Please repeat the lines below, exactly and only, from the one that holds "Collect a slide" through the one that holds "What I wanted".

## Source data
------------------------------------------------
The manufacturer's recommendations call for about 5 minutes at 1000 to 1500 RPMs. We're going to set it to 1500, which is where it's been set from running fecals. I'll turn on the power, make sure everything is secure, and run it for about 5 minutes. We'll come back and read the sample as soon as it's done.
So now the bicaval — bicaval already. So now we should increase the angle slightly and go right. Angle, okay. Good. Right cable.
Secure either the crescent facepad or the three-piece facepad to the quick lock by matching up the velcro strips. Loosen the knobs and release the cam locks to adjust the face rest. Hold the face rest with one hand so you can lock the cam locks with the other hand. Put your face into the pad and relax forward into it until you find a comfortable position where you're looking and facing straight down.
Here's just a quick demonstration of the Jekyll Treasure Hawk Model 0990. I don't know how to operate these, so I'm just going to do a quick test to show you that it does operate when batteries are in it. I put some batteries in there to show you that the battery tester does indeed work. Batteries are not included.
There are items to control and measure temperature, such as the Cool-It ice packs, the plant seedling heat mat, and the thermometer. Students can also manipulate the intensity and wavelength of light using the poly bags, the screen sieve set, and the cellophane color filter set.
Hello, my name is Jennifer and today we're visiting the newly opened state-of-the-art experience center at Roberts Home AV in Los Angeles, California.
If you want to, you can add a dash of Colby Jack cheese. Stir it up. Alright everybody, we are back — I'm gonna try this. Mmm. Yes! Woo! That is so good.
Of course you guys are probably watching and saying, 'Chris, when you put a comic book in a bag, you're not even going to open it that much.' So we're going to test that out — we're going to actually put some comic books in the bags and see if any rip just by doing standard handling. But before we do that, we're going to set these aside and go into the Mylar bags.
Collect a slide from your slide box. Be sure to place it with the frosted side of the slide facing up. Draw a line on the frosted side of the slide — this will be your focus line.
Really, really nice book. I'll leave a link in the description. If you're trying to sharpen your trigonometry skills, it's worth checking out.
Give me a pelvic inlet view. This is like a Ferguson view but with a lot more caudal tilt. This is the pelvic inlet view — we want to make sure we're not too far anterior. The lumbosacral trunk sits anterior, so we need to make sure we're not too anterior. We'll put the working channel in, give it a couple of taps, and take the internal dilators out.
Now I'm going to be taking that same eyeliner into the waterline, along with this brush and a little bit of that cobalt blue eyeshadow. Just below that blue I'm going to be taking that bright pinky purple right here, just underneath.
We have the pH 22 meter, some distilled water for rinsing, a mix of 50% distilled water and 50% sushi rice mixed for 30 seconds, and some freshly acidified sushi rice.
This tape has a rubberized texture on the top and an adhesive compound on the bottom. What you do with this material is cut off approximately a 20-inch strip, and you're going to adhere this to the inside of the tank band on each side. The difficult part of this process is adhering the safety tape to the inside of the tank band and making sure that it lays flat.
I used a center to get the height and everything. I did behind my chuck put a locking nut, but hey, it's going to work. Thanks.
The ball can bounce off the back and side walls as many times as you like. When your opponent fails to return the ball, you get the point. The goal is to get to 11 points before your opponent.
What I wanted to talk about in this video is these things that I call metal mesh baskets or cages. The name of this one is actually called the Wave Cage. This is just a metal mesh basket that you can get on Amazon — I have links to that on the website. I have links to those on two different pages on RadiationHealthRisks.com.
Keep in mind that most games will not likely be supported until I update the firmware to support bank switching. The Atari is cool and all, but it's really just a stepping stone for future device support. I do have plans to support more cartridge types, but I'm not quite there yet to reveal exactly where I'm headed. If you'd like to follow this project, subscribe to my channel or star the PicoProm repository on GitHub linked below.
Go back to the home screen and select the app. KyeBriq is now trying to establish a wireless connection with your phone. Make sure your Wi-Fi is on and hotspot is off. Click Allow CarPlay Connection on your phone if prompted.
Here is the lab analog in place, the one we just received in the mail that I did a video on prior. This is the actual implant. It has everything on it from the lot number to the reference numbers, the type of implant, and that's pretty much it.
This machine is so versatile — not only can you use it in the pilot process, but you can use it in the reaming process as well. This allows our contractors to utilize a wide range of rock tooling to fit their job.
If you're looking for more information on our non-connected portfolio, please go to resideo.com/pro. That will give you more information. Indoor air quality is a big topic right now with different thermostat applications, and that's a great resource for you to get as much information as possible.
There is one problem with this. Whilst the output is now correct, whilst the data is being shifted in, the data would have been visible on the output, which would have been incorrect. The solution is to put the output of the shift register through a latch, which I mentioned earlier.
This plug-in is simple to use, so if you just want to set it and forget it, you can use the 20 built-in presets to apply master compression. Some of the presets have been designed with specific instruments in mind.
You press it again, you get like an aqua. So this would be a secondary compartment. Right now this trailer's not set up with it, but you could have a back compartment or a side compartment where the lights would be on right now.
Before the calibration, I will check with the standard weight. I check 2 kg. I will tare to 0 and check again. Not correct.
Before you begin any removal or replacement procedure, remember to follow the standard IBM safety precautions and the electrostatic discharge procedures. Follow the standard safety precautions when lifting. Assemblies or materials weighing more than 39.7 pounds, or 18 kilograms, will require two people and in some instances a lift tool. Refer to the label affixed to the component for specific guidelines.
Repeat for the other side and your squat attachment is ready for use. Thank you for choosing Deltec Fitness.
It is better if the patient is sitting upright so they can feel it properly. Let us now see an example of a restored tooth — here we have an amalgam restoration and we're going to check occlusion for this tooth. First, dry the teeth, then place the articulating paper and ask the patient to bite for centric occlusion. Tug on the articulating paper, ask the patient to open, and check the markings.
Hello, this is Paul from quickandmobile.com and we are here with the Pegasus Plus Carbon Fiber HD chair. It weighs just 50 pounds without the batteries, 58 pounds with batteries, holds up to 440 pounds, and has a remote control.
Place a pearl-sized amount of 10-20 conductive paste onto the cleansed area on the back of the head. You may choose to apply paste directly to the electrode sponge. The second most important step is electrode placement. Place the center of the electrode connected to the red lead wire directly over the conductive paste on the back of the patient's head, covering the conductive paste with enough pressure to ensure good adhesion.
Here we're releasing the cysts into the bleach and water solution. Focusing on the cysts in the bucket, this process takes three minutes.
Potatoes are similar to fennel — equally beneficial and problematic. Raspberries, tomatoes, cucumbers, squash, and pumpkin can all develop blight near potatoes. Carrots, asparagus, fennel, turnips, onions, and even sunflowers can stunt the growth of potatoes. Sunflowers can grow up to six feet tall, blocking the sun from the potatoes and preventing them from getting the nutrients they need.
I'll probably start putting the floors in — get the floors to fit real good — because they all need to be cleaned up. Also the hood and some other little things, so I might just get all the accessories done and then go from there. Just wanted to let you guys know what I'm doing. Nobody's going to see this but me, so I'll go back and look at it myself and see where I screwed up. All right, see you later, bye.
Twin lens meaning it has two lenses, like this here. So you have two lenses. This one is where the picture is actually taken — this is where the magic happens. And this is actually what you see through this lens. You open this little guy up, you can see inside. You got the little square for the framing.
------------------------------------------------
## Response below
Collect a slide from your slide box. Be sure to place it with the frosted side of the slide facing up. Draw a line on the frosted side of the slide — this will be your focus line.
Really, really nice book. I'll leave a link in the description. If you're trying to sharpen your trigonometry skills, it's worth checking out.
Give me a pelvic inlet view. This is like a Ferguson view but with a lot more caudal tilt. This is the pelvic inlet view — we want to make sure we're not too far anterior. The lumbosacral trunk sits anterior, so we need to make sure we're not too anterior. We'll put the working channel in, give it a couple of taps, and take the internal dilators out.
Now I'm going to be taking that same eyeliner into the waterline, along with this brush and a little bit of that cobalt blue eyeshadow. Just below that blue I'm going to be taking that bright pinky purple right here, just underneath.
We have the pH 22 meter, some distilled water for rinsing, a mix of 50% distilled water and 50% sushi rice mixed for 30 seconds, and some freshly acidified sushi rice.
This tape has a rubberized texture on the top and an adhesive compound on the bottom. What you do with this material is cut off approximately a 20-inch strip, and you're going to adhere this to the inside of the tank band on each side. The difficult part of this process is adhering the safety tape to the inside of the tank band and making sure that it lays flat.
I used a center to get the height and everything. I did behind my chuck put a locking nut, but hey, it's going to work. Thanks.
The ball can bounce off the back and side walls as many times as you like. When your opponent fails to return the ball, you get the point. The goal is to get to 11 points before your opponent.
What I wanted to talk about in this video is these things that I call metal mesh baskets or cages. The name of this one is actually called the Wave Cage. This is just a metal mesh basket that you can get on Amazon — I have links to that on the website. I have links to those on two different pages on RadiationHealthRisks.com.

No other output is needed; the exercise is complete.